## What this task involves
Pictures are to be omitted, and every entry below is to be restated exactly.

Captioned web images:
::::
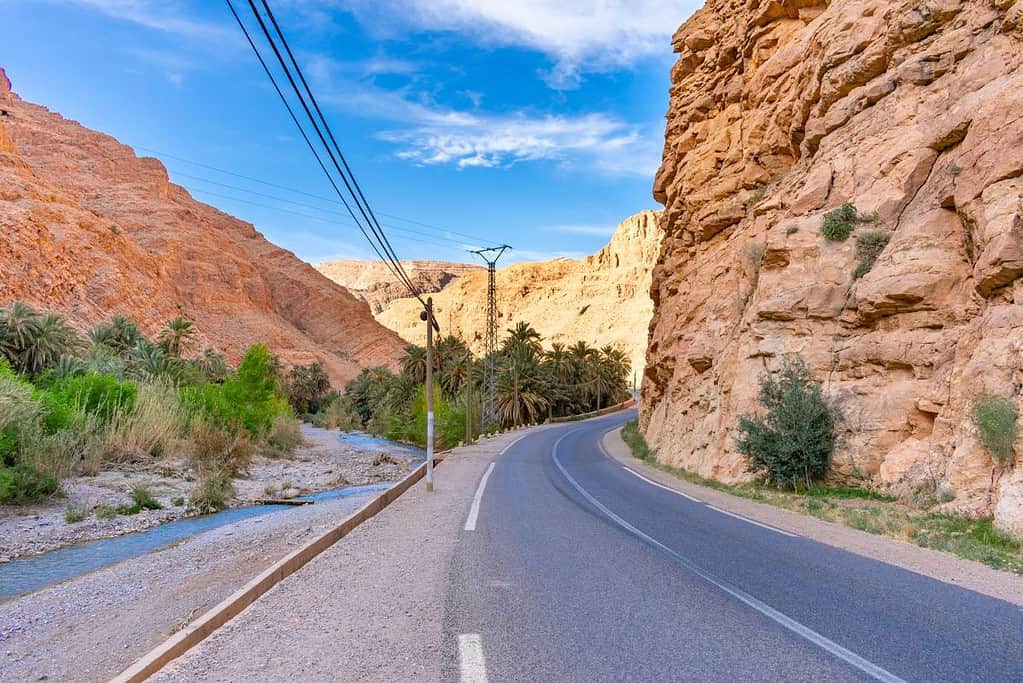 Todra Gorge 3 Todra Gorge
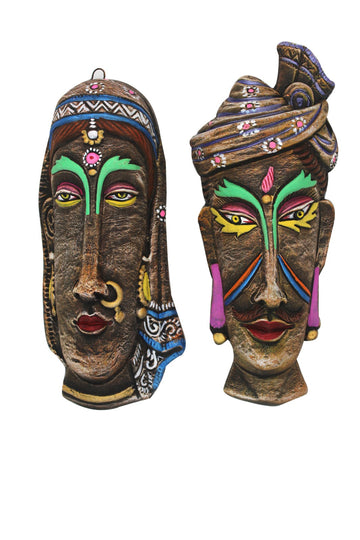 MASK WALL HANGING
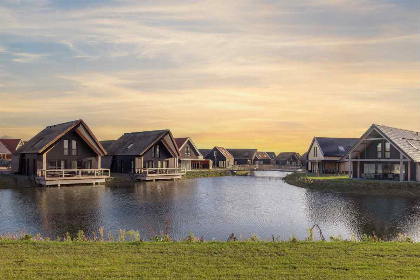 023 Luxe 6 persoons vakantiehuis met sauna en nabij het strand in Zeeuws Vlaanderen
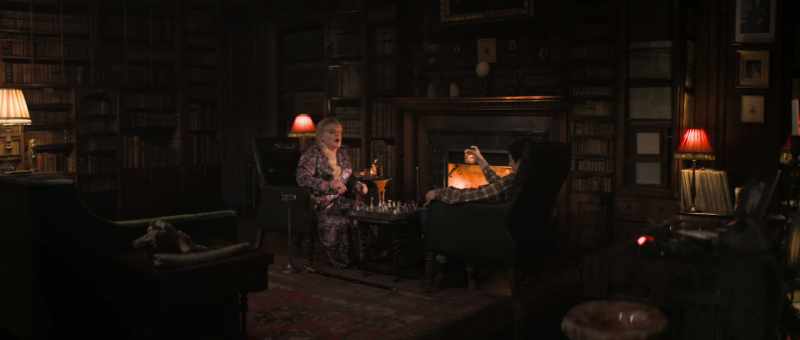 Go down to the Choir Pub. - Mm-hmm?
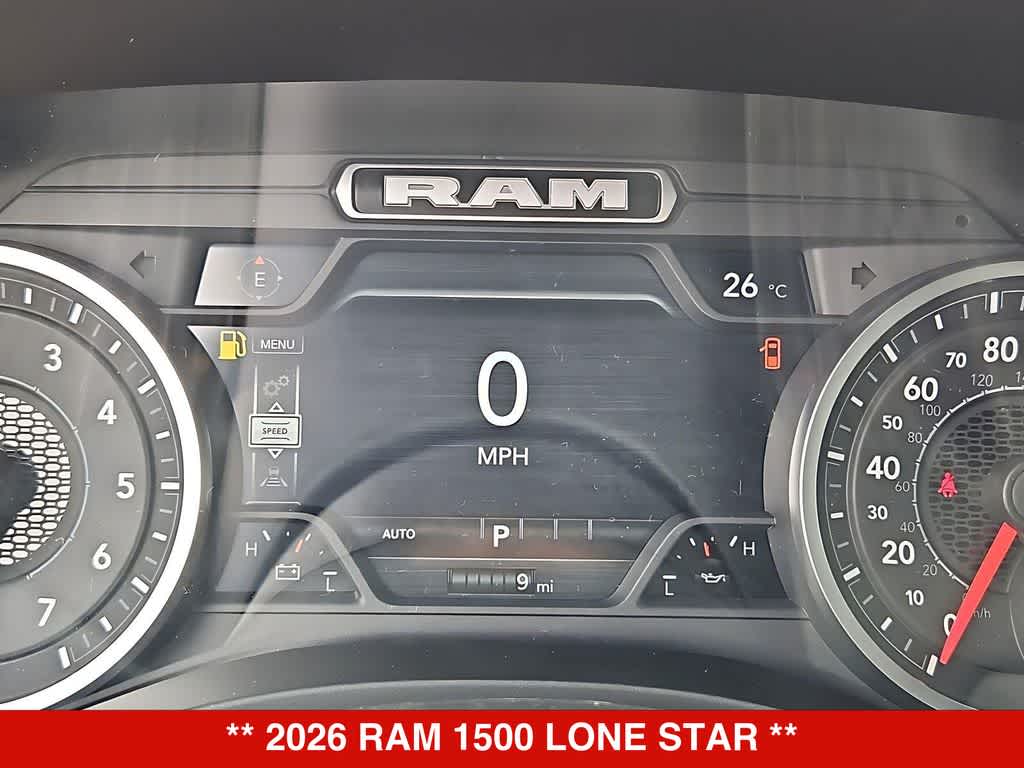 Thumbnail: 2026 RAM 1500 - 34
::::
## Exercise answer
 Todra Gorge 3 Todra Gorge
 MASK WALL HANGING
 023 Luxe 6 persoons vakantiehuis met sauna en nabij het strand in Zeeuws Vlaanderen
 Go down to the Choir Pub. - Mm-hmm?
 Thumbnail: 2026 RAM 1500 - 34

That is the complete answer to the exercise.